Será?
Medo

Será?


Paulo foi passar uma semana com os quatro filhos num hotel-fazenda de Três Córregos, a Fazenda Velha. Na volta pra casa, esqueceu lá seu computador portátil, seu laptop, que tinha sido guardado por dona Santa, a simpática proprietária do lugar.

Tiveram na fazenda uma semana de muita diversão e todas as noites ouviram dona Santa contar velhas histórias de assombrações. Assombrações povoaram seus dias e noites na fazenda. Ouviram seus choros, passos, ruídos fantasmagóricos, e até mesmo conviveram com algumas delas, para no final descobrir que era tudo um teatro, uma grande apresentação para divertir os hóspedes.

Agora que o sociólogo da capital queria recuperar seu laptop esquecido na fazenda, vinham lhe dizer que a fazenda não existia havia muitos e muitos anos. Que os moradores haviam morrido num incêndio que consumira a casa com tudo que havia dentro. Que teria sido um menino que pôs fogo na casa, um menino que gostava de brincar com espelhos...

Um funcionário da prefeitura que lhe deu as informações disse também que tudo eram velhas histórias, ninguém sabia ao certo o acontecido, mas que os falecidos no sinistro incidente estavam enterrados no cemitério da cidade, num túmulo com nomes e retratos. Era tudo o que restava de memória da fazenda e de seus infelizes moradores, patrões e empregados. O funcionário da prefeitura prontificou-se a guiá-lo ao local onde estavam sepultados.

Paulo achou tudo aquilo um despropósito, mas ele ia lá pra ver, pagava pra ver. Paulo estava na capital, onde morava com os filhos, e antes de viajar teve que resolver alguns problemas, pagar contas e falar com o pessoal de seu trabalho. Passava do meio-dia quando conseguiu ficar livre. Deixou as crianças aos cuidados de uma amiga, telefonou ao servidor da prefeitura, seu informante, explicou que tinha se atrasado um pouco, marcou hora e lugar para se encontrar com ele, pegou o carro e partiu.

A tarde caía quando chegou a Três Córregos. Passou pela estradinha onde ficava a fazenda: era tudo cana-de-açúcar, um deserto verde.
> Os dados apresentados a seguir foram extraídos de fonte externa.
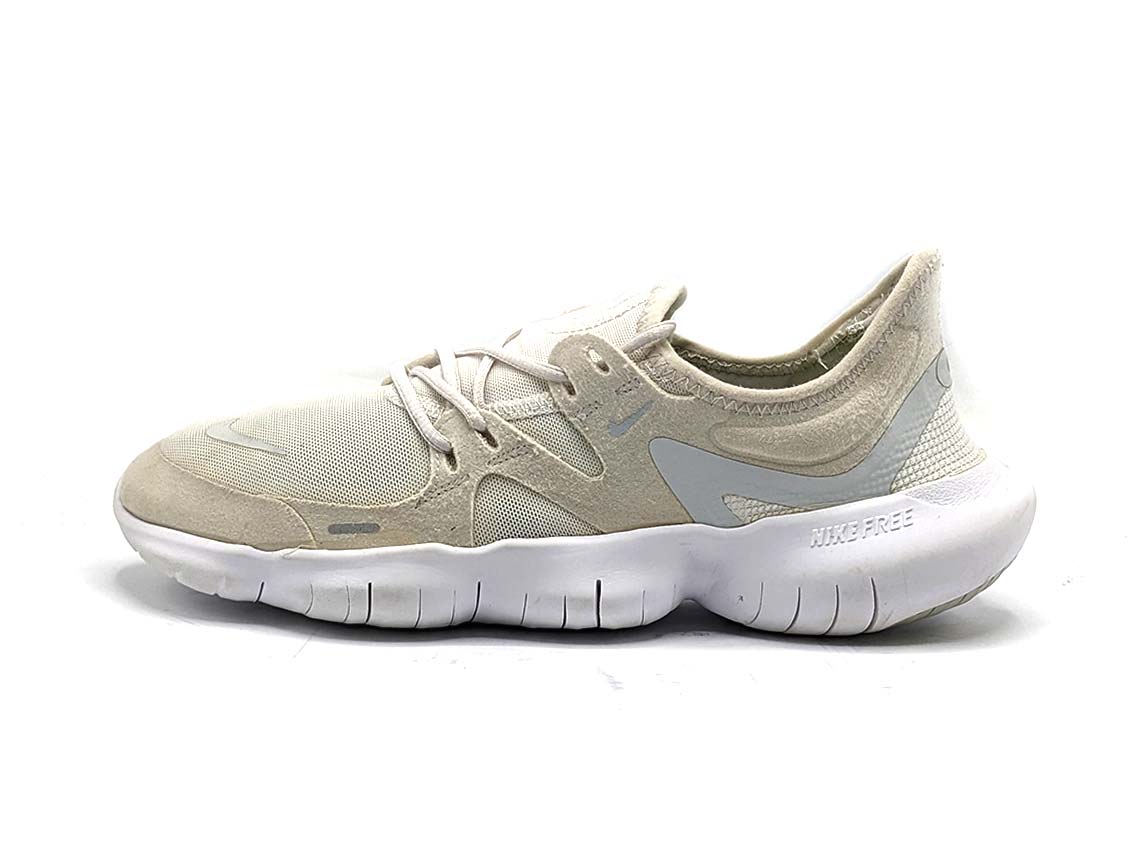 Nike Free 6.0 â Replay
Não viu casas nem árvores, nem bichos do mato, nem passarinhos. Percorreu mais de quatro quilômetros e chegou à cidade. Foi fácil achar a prefeitura e identificar o funcionário. Era um velho alto e magro de uma palidez desconcertante. Paulo achou familiar sua fisionomia, quem sabe teria o visto antes na cidade? Cumprimentaram-se e o velho disse: "Vamos a pé, a estrada está ruim para passar de carro". Em poucos minutos estavam os dois subindo a ladeira que levava ao afastado cemitério da cidade. Chegando ao portão do campo-santo o velho disse a Paulo que entrasse sozinho. Não gostava de cemitérios, desculpou-se. Explicou como chegar no túmulo da família, despediu-se com uma reverência e foi embora.

Não foi difícil para o sociólogo encontrar a campa que seu acompanhante descreveu com precisão. A noite começava a cair sobre o cemitério. Uma densa neblina cobria as sepulturas, esfriara um pouco. Paulo sentia-se desconfortável, mas podia enxergar perfeitamente. Estava em pé diante a tumba. Havia muitos retratos e nomes. Foi reconhecendo as fisionomias familiares. Lá estavam escritos os seus nomes em letras de bronze sobre uma lápide de mármore mortuária: Santa, Juvêncio, Elisa, Ana, Leôncio, Clara, João, Antônio...

Que história mais estranha, que loucura!

O olhar aturdido de Paulo desviou-se dos retratos. Sentiu as pernas bambas, um calafrio lhe percorreu a espinha. Na base do jazigo, à sua espera, sob olhar perpétuo de dona Santa no retrato repousava seu querido laptop.